Resin Print with ENGINEERING RESINS: Ticket Submission Link
1. Generating Your STL
There are countless proprietary file encoding systems to store information about a three dimensional object, but thankfully there is a universal standard that all 3D printing workflows use as their starting point: the STL.
STLs consist of many triangular faces which approximate the outside surface of your 3D part.
If you are getting your design from some online repository of files, like Thingiverse, the files will almost certainly be delivered in STL format.
If you are designing the part yourself in Solidworks, Fusion 360, or any other CAD software, the STL file format will be available in some export or save-as menu. Make sure to check your settings when exporting to an STL. Solidworks, for example, defaults to 10 degree angular resolution, so a circle is approximated to 36 faces, which is not much when creating a wheel! Be careful with too fine of an STL though, as the slicing times scale with the number of faces in the part.
2. Slicing Your Part
In a broad sense, slicing is the process of turning your generic STL file into machine instructions that the 3D Printer can understand.
Resin 3D printers operate by extruding material in a 2D layer, and then shifting that layer downwards and building another layer on top of it.
These discrete layers come together to make a complete 3D shape. Slicing turns your 3D STL model into a set of 2D "slices" that the printer can actually produce.
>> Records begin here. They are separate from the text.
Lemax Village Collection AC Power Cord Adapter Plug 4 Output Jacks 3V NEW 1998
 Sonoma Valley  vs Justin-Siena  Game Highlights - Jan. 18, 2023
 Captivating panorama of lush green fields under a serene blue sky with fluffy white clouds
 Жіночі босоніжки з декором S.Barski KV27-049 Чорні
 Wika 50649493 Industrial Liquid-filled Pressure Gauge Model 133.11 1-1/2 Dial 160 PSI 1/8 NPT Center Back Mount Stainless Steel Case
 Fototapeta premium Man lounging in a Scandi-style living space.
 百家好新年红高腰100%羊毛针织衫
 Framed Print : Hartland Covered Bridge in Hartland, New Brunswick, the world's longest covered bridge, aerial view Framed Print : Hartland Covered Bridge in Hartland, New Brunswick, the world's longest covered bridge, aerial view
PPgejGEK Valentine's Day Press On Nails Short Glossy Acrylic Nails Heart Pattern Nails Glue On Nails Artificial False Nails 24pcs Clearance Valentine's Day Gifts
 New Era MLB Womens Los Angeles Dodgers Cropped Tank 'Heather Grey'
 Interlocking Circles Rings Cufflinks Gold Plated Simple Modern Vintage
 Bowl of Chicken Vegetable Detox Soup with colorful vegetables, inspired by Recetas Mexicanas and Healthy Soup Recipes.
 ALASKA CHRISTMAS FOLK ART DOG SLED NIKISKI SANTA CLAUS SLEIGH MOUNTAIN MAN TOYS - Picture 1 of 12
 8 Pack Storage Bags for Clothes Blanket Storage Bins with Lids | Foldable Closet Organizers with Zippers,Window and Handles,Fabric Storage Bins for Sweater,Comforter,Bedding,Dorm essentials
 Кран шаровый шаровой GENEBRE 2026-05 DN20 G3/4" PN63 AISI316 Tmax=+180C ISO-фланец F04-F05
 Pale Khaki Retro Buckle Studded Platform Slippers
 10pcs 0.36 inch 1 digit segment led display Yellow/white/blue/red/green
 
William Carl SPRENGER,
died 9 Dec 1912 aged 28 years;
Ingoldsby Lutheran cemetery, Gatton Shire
Since all of our printers are Formlabs, we use PreForm, their slicing program. It is free to download on your machine, and we have it set up on our computers at the Studio.
3. Cleaning Your Part
Liquid resin is nasty stuff, so we need to clean it off completely before touching the parts with our bare hands.
Our cleaning process consists of using these specialized tanks, called Form Washes, which are filled with Isopropyl Alcohol. The Isopropyl Alcohol will dissolve the liquid resin that is remaining on your part without damaging the parts that the laser in the printer has already hardened.
Once you put your parts through the Form Wash, you should inspect them for remaining liquid resin and then leave them to completely dry before curing. If any liquid resin is still present inside of small features, use the hand bottles present in the cleaning area.
Every Form Wash has a different purpose, so make sure to quickly check yourself on the label before putting parts into it!
4. Curing Your Part
At this point your part is completely dry, and all liquid resin has been cleaned off, so it is safe to hold in your bare hands.
Unlike PLA prints that you may have done before, resin prints are not at their peak strength when they come off the printer. In fact, they are only at around 60% of their maximum strength.
You can look through the exact numbers according to Formlabs, the resin manufacturer. If you're not an aspiring mechanical engineer though, the key idea is that curing your parts makes them a lot stronger, at the expense of making them more brittle.
This isn't always the best choice for every project, but we recommend curing parts unless you have a reason not to.